» **Task statement**: Leave the pictures out and return every line below exactly.

» **Provided records**:

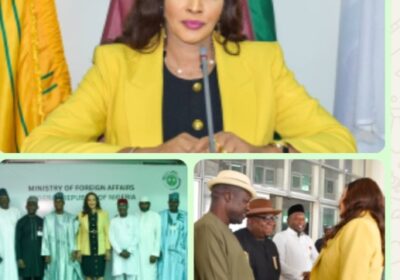Bianca Odumegwu-Ojukwu Takes Charge at Foreign Affairs Ministry, Vows to Deepen Nigeria’s 4D Diplomacy Agenda  By Raymond Enoch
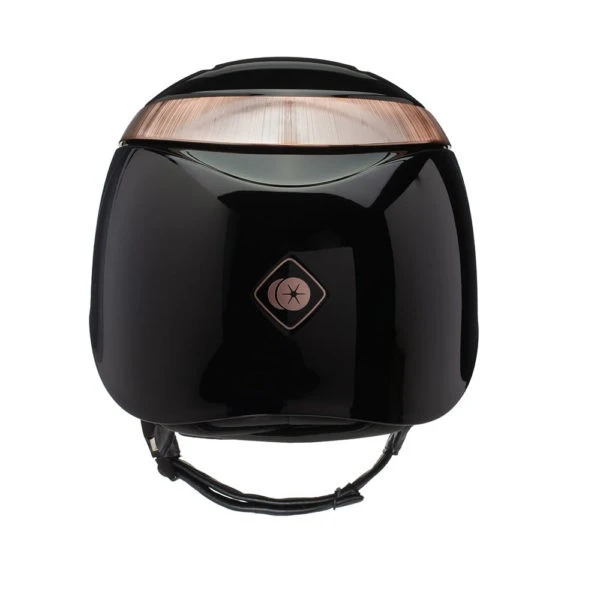 Charles Owen Halo Gloss (Black Gloss/Rosegold) 2 Charles Owen Halo Gloss (Black Gloss/Rosegold) - Image 2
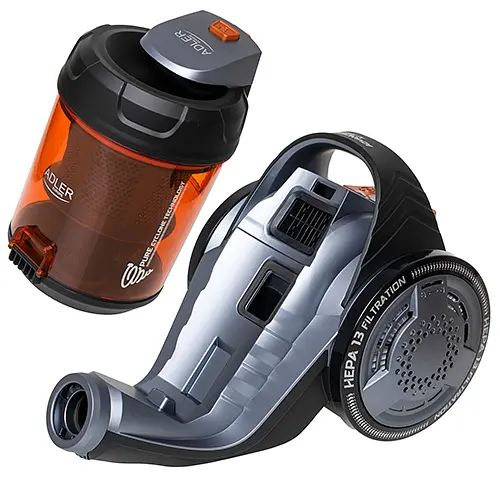 Пилосос Adler 1.6 л Чорний AD 7065 - фото 4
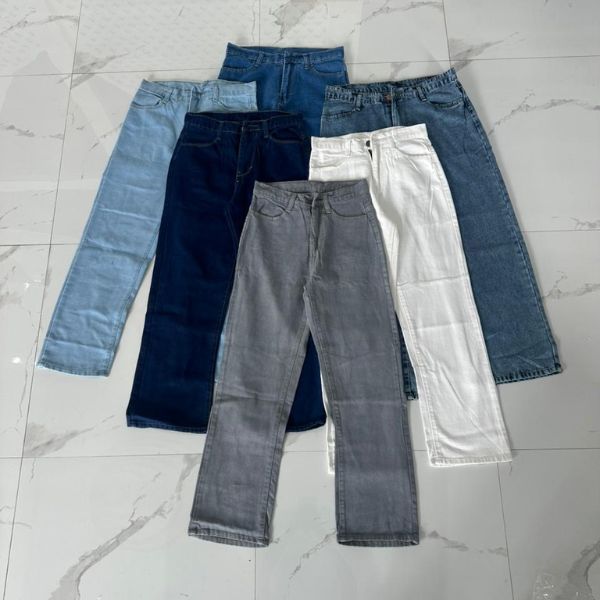 celana jeans rijek kulot wanita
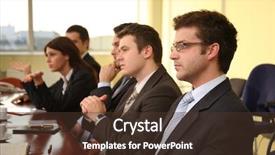  Presentation with debate law - Colorful PPT layouts enhanced with five business people backdrop and a tawny brown colored foreground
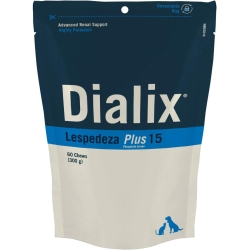Dialix Lespedeza Plus 15 - Complementary feed to support kidney function 60 chews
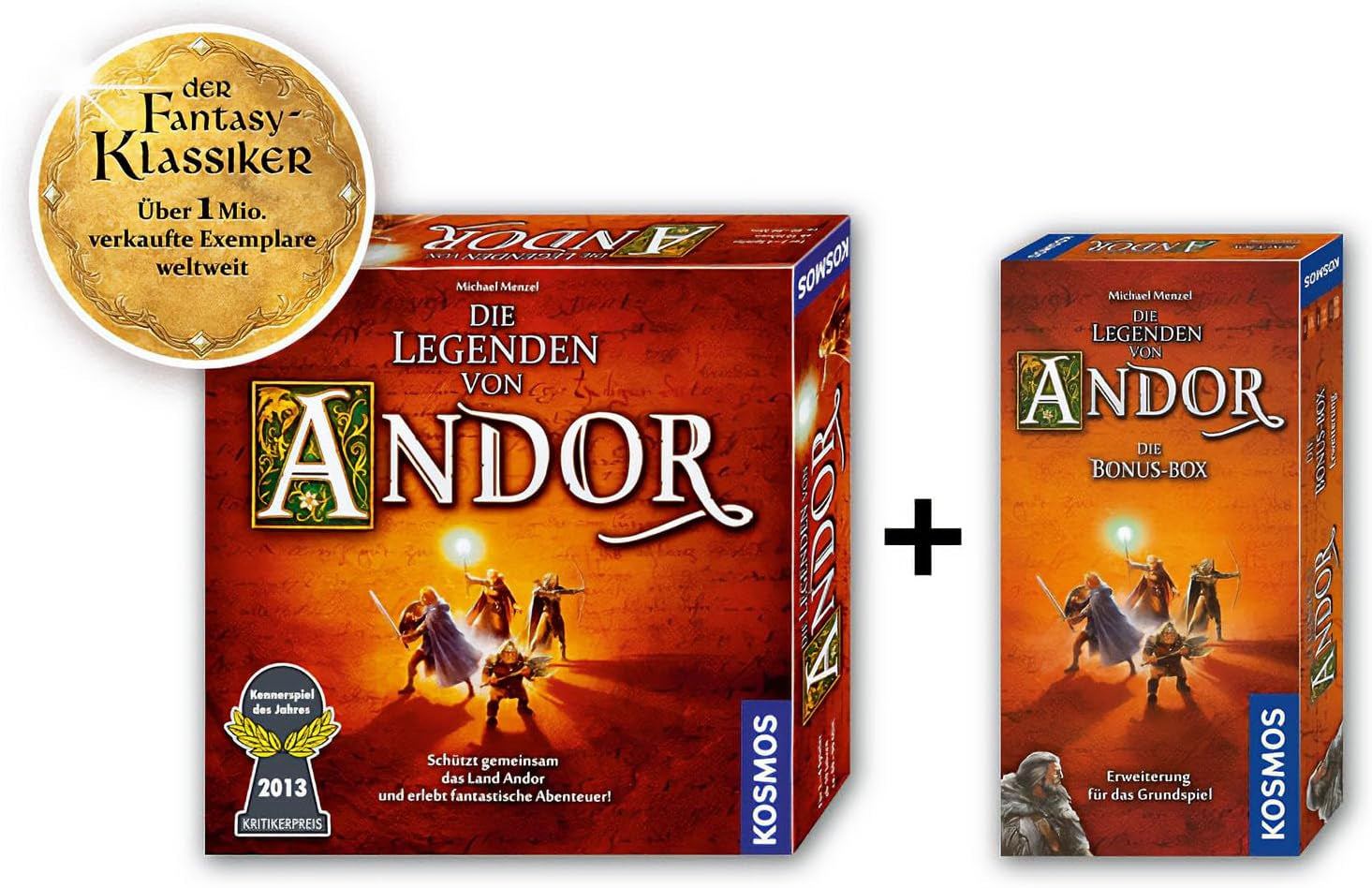 Kosmos 684358 Andor - Bonus Box, en varieret udvidelse til fantasy-klassikeren Legends of Andor, fra 10 år og opefter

» **Result of this exercise**:
Bianca Odumegwu-Ojukwu Takes Charge at Foreign Affairs Ministry, Vows to Deepen Nigeria’s 4D Diplomacy Agenda  By Raymond Enoch
 Charles Owen Halo Gloss (Black Gloss/Rosegold) 2 Charles Owen Halo Gloss (Black Gloss/Rosegold) - Image 2
 Пилосос Adler 1.6 л Чорний AD 7065 - фото 4
 celana jeans rijek kulot wanita
  Presentation with debate law - Colorful PPT layouts enhanced with five business people backdrop and a tawny brown colored foreground
Dialix Lespedeza Plus 15 - Complementary feed to support kidney function 60 chews
 Kosmos 684358 Andor - Bonus Box, en varieret udvidelse til fantasy-klassikeren Legends of Andor, fra 10 år og opefter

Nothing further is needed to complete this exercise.